In 1934, when Frank Lloyd Wright visited Bear Run, Pennsylvania, he stated that, the “visit to the waterfall in the woods stays with me and a domicile takes shape in my mind to the music of the stream.” From that impactful visit, Wright went on to design and realize Fallingwater, a modern vacation house built on top of a 30-foot waterfall. The house would appear on the cover of TIME magazine in 1938, which declared it Wright’s “most beautiful job,” and in 2007, the American Institute of Architects named it the “best all-time work of American architecture.” In recent years, more brazen architects have started to make the seas, rivers and lakes integral parts of their designs, and in the following list, we share several of the most innovative water-related architecture projects of the past, present and future.
Set on a bluff above Atami, Japan, WaterGlass is an attempt to “connect architecture and the sea.” The house is made of glass walls that offer sweeping views of the Pacific Ocean.

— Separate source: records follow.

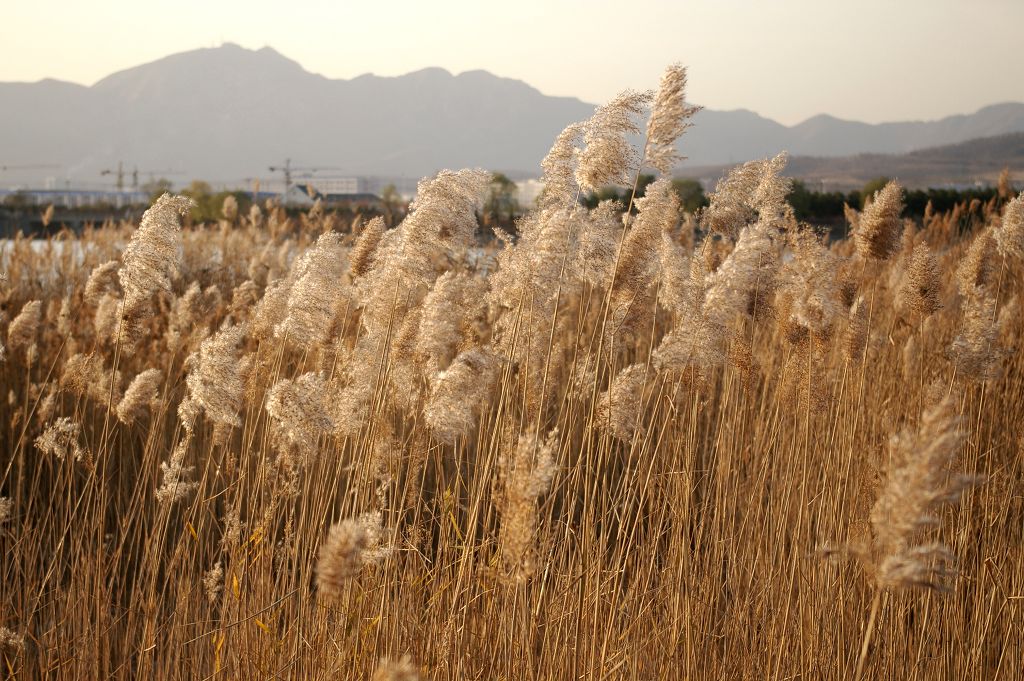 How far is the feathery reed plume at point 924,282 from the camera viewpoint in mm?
3211

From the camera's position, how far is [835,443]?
2.97 m

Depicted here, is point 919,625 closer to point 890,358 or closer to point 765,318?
point 765,318

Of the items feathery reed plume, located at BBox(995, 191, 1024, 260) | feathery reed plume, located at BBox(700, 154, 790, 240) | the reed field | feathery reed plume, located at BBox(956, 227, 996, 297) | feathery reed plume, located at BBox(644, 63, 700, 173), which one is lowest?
the reed field

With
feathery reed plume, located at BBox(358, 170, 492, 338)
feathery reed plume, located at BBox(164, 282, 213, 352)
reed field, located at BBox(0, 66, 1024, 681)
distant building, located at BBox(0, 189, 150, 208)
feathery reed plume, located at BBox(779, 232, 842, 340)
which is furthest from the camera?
distant building, located at BBox(0, 189, 150, 208)

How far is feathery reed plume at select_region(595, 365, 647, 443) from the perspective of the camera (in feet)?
8.79

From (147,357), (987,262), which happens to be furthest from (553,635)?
(147,357)

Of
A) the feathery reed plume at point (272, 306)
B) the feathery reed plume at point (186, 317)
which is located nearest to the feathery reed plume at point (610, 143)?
the feathery reed plume at point (272, 306)

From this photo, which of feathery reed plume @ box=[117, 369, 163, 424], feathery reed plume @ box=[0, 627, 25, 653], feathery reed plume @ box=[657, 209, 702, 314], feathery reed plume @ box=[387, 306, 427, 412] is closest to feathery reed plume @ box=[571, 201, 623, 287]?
feathery reed plume @ box=[657, 209, 702, 314]

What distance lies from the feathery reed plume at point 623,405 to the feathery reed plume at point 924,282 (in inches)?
42.1

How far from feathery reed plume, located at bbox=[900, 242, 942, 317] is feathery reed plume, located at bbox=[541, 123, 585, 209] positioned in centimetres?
118

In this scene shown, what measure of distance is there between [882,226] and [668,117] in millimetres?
1038

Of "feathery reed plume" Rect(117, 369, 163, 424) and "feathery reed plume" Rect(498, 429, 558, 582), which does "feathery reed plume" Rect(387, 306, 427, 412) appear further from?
"feathery reed plume" Rect(498, 429, 558, 582)

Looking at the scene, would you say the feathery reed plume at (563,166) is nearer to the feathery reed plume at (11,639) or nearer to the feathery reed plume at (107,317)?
the feathery reed plume at (11,639)

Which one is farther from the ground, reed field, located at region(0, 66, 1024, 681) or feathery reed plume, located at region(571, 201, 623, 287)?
feathery reed plume, located at region(571, 201, 623, 287) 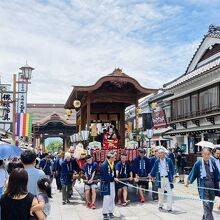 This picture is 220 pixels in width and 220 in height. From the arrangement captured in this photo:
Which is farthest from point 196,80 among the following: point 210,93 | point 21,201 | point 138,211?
point 21,201

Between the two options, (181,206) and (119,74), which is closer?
(181,206)

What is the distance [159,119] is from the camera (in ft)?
109

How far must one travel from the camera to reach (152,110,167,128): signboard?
32156mm

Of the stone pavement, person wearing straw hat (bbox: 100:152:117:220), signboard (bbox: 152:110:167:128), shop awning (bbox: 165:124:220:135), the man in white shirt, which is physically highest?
signboard (bbox: 152:110:167:128)

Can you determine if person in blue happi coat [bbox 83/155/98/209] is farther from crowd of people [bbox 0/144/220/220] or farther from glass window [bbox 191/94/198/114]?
glass window [bbox 191/94/198/114]

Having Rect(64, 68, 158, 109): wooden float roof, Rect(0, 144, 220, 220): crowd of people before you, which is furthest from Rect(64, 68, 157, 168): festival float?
Rect(0, 144, 220, 220): crowd of people

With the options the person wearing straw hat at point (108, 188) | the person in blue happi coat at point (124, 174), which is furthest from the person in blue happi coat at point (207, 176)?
the person in blue happi coat at point (124, 174)

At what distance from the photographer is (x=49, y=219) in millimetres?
8758

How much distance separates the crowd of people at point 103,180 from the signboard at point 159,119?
1882 cm

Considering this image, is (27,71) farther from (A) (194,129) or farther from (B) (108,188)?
(A) (194,129)

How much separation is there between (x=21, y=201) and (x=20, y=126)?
17715 mm

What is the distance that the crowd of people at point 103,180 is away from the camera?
11.4 feet

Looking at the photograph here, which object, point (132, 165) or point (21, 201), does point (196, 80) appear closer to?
point (132, 165)

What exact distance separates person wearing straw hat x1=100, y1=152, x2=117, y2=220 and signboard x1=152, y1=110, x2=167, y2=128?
23.1m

The oval dining room, connected to the rest of the house by a glass corridor, floats in a pool of water. The outdoor infinity-edge pool flows into the ocean below. Japanese architecture firm Kengo Kuma & Associates realized the home in 1995. “Architecture can never be closed off completely. That is the premise of my work,” Kengo Kuma once wrote. “One may enclose space with walls and bury it underground, but architecture is always situated in—and connected to—the world. More precisely, architecture is a device mediating between the subject (that is, mankind) and the world.”
Daniel Valle’s proposal for the Water Pavilion, in South Korea, “explores various water principles and the translation into an architectural experience.” It stands at sea level, which changes with the tides, so the pavilion is sometimes submerged, with only a few entrances, and at other times, is above water (so that people can walk on the roof-deck as seen above).

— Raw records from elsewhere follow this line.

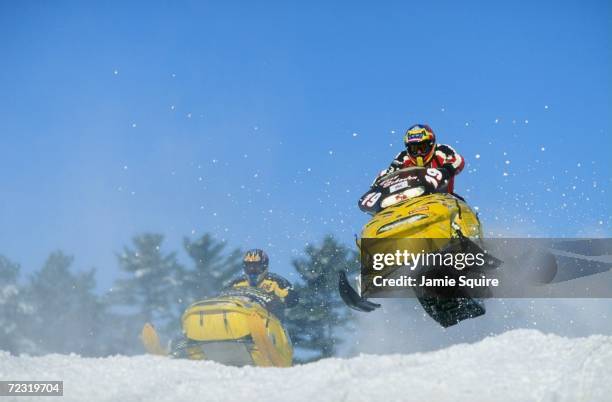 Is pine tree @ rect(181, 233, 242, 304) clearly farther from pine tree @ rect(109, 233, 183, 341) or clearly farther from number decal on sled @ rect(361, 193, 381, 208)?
number decal on sled @ rect(361, 193, 381, 208)

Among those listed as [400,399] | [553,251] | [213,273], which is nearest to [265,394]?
[400,399]

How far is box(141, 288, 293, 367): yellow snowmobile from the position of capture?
12.2m

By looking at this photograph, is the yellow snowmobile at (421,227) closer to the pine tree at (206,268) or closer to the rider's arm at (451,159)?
the rider's arm at (451,159)

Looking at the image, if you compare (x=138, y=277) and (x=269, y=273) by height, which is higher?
(x=138, y=277)

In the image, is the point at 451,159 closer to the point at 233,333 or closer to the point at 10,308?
the point at 233,333

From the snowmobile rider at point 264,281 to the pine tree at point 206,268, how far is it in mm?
17927

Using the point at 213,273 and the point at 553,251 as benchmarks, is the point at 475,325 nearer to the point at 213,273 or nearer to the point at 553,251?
the point at 553,251

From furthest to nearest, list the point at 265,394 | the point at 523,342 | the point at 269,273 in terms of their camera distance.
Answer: the point at 269,273 → the point at 523,342 → the point at 265,394

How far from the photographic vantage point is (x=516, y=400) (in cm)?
571

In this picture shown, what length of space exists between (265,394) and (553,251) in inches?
191

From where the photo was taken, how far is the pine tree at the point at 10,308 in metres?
33.9

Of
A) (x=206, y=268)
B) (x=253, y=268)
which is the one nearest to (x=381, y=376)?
(x=253, y=268)

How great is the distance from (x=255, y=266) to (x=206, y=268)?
69.9ft

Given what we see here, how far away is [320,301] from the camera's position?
2148 centimetres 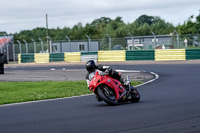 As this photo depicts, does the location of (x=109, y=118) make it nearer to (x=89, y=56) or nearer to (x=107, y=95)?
(x=107, y=95)

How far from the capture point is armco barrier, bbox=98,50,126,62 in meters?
36.8

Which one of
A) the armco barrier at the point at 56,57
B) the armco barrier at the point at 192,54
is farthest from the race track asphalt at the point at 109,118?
the armco barrier at the point at 56,57

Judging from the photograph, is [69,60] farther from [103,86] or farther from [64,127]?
[64,127]

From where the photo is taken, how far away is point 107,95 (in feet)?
33.2

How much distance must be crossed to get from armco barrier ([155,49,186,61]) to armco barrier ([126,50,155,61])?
0.50 m

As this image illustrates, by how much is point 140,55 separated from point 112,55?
109 inches

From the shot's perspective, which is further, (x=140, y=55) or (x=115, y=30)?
(x=115, y=30)

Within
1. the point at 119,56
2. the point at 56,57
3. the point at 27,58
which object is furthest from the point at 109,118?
the point at 27,58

On an island on Lake Huron, in Canada, the Floating House rests on a steel pontoon structure, which allows it to fluctuate with the lake’s seasonal water levels. “I like the gentle rocking of it, and I love being right on the water,” the homeowner told Dwell magazine in an interview. “I woke up one morning and there were a bunch of kayakers right out the window. It’s like you’re on a boat.” The house was constructed in 2005 by MOS architects.
Louvre Abu Dhabi
The Louvre Abu Dhabi, set on small Saadiyat Island (the Island of Happiness), is intended to recall the “importance of water in Islamic culture.” It looks as if it is floating on water, with a perforated dome that extends out over it. The light and movement of the water casts shadows inside, which also features an interior water channel. It was designed by Jean Nouvel—the iconic French architect also responsible for Torre Agbar in Barcelona—and will open this year.
Embedded into a quarry in Songjiang, China, this 400-room hotel will include stunning views of the water—both above and below it. There is a rooftop garden on top of the hotel, as well as underwater public areas and cafés, and a waterfall encased in glass. The hotel was designed by Atkins Architecture Group, and won the top prize at a recent international design competition.